The period also saw an impressive prosperity which subsequent historians have described as the rise of Consumerism. While Wiebe tells the story of the breakdown of rural farming economies, he barely mentions the offsetting gains in real wealth experienced by rural residents and their vastly greater access to the goods of the industrial society through the appearance of such key innovations as the rise of mail-order catalogs, which spread consumer opportunity to previously isolated rural areas. In much of rural America, the Bible and the Sears catalog were the only two books in the home. The Sears catalog, colloquially called "the Wish Book,"opened a door of opportunity to rural residents which had never existed in the old rural economy.

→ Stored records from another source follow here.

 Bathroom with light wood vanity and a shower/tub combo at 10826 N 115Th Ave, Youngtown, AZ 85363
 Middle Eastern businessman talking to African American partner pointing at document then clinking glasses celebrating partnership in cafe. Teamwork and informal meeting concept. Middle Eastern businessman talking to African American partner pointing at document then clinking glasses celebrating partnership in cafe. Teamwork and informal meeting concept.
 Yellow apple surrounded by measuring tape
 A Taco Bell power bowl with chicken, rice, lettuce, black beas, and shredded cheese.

There are other serious problems with Wiebe. His grotesque portrait of Theodore Roosevelt (cf. esp. pgs. 189-192) is little short of historical slander. His 1960s-era contempt for TR has quite gone out of fashion now. A more reliable and balanced account can be found in such recent works as Stacy Cordery's Theodore Roosevelt: In the Vanguard of the Modern, (Wadsworth, 2003).
The greatest weakness of this generally impressive book is that Wiebe spends the first third of the work detailing how America was falling apart, then suddenly in the second two-thirds he is detailing how it was put back together in a new way-not always to Wiebe's liking, which he makes abundantly clear through the device of tart literary condescension. How and why this shift occurred is unexplained-as if the sun set one evening in 1896 on a scene of gray depressing despair and rose the next morning in a new world of middle-class, scientific, pragmatic, real reform. What happened during that magical night is a mystery left unexamined by Wiebe.
EndNotes:
1. For a discussion of the scope and tenor of antebellum-era reform movements see my previous review of Steven Mintz's Moralists and Modernizers.

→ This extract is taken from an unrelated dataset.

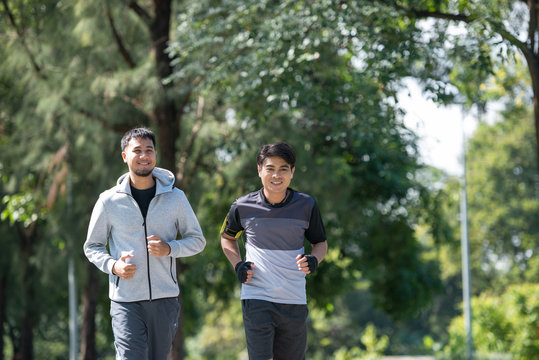 Two Young Fitness Man Running At Morning In The Garden, Park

2. Of course Wiebe does not say this; it is just that he would not take it amiss if the reader happened to somehow come away with this impression.

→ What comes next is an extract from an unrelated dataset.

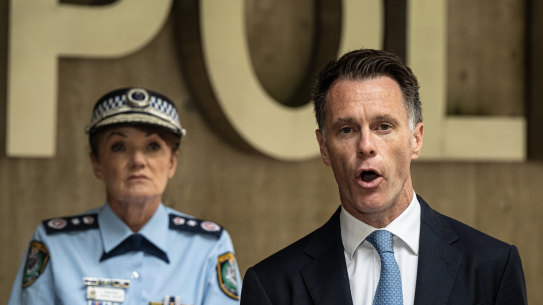 Premier Chris Minns and Police Commissioner Karen Webb speak on Thursday.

3. Wiebe, op. cit., pg. 110.
4. In her remarks before the SHGAPE, Elisabeth Perry-in trying to carve out a bigger role for women in the history of reform-argues that the era of reform had so much momentum and such a mass of dedicated advocates that we can see clear evidence of its existence as early as 1870 and equally convincing evidence of its persistence at least until the start of the Cold War in 1950! How, we must wonder, could a society as Dickensian as the one depicted by Wiebe have generated so much energy for forward progress?